当教室では、日々の病理診断に加え、主にがんの研究と感染症研究に取り組んでいます。現在がんは日本人の死因第一位ですが、その克服のためには専門的・学際的な研究とその成果の活用が重要です。私達は細胞のがん化、悪性化の分子機構やがん幹細胞の生物像、組織微小環境因子や腫瘍血管など間質との相互作用の視点から、がんの病態解明を目指しています。さらに、COVID-19の重症化における血管病態についての研究も進めています。がんや炎症、感染症研究は骨や口腔組織の様々な組織における炎症や慢性疾患、代謝疾患、組織再生に関する研究にもつながります。また、私達は基礎研究の成果を新しい診断・治療法に応用することを目指しており、臨床検体を用いた橋渡し研究 (トランスレーショナルリサーチ)も行っております。

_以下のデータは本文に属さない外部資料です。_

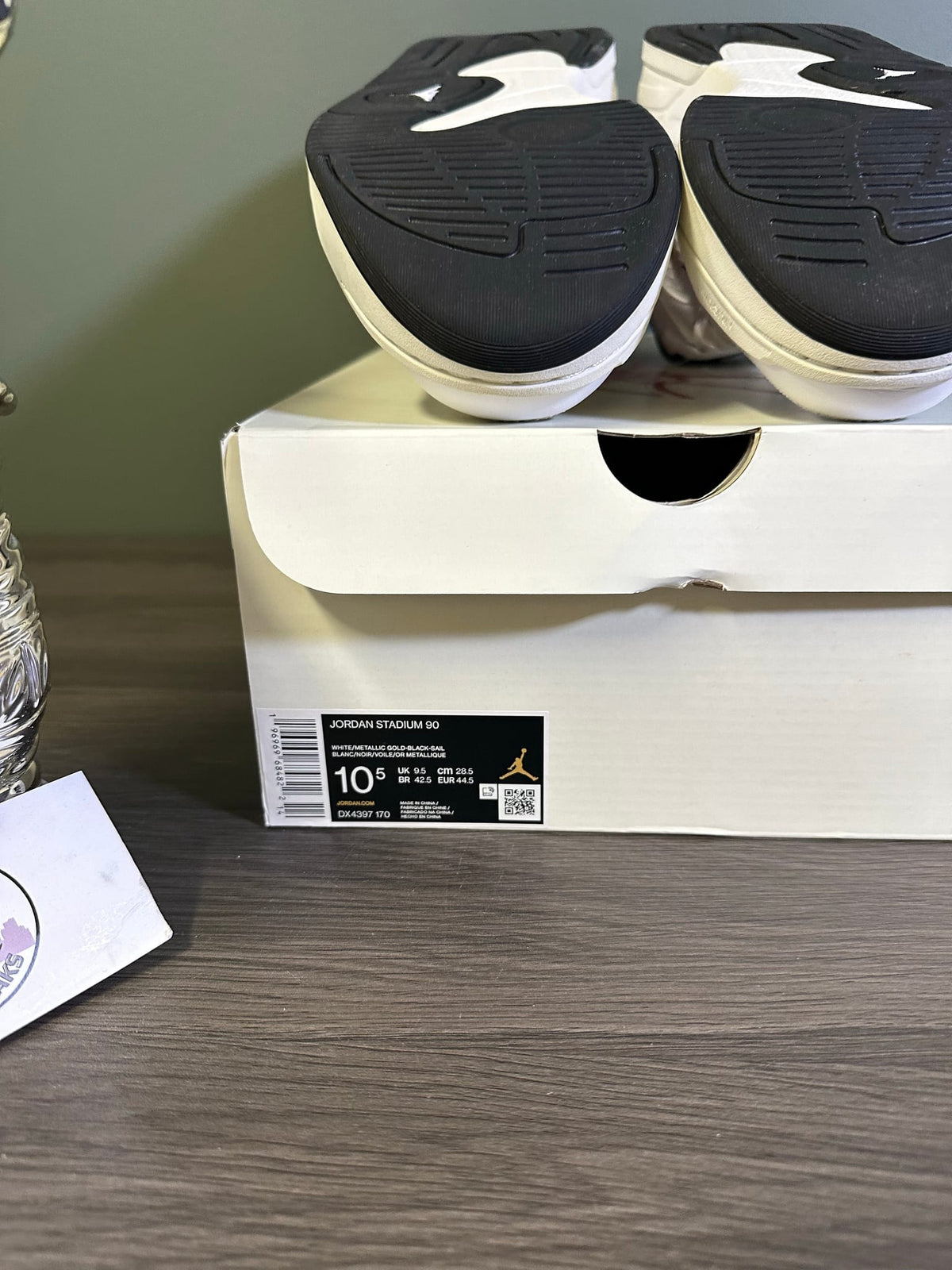 Jordan Stadium 90 White Metallic Gold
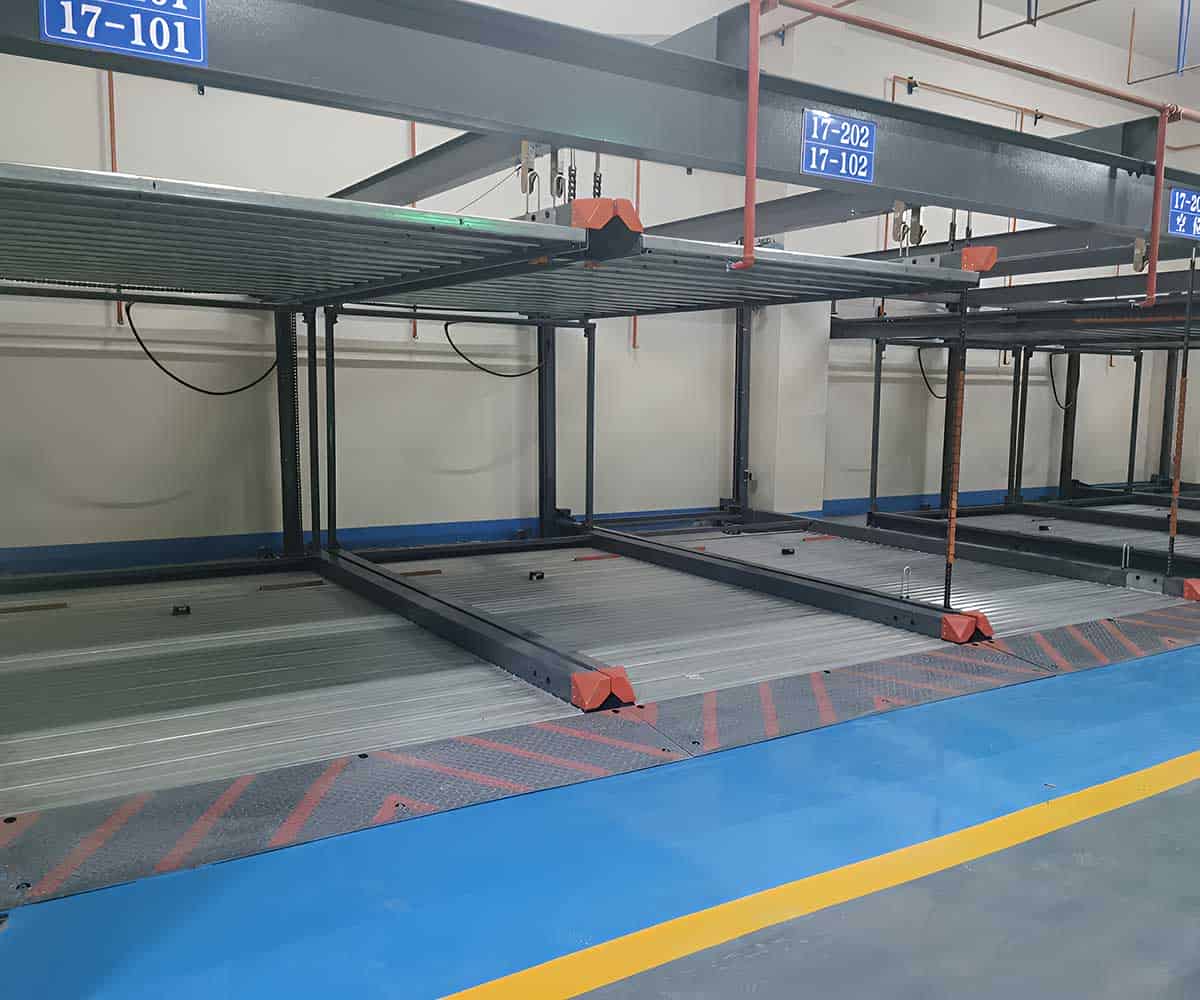 開江雙層簡(jiǎn)易升降立體車位的原理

科学の進歩は目覚ましく、今の学生の皆さんが覚えなくてはならないことは沢山あります。知識を増やすことは重要です。しかし、研究者、臨床医として活躍するためにはいかに多くのことを知っているかということよりも、むしろ、どのような疑問を持つか、それについてどう考えるのか、また身近な問題にどのように対処するのか、といったことがより重要になると思います。単に疾患名を覚えるのではなく、その成り立ちを理解し病気を治すために何ができるのかを学生の皆さんと一緒に考え続けていきたいと思います。
現在教室で行われている研究の概要は、
- 腫瘍血管内皮細胞の異常性解明と治療法開発
- がんの悪性化と微小環境
- COVID-19における血管病態
- 血管再生
です(詳細は教室のホームページをご参照ください)
教室には歯学部の大学院生のみならず、医学部や他学部の出身の学部生・大学院生、留学生が在籍し、日々アクティブに研究を行い、学んでいます。皆様の来訪を歓迎しますので、いつでも教室にお立ち寄りください。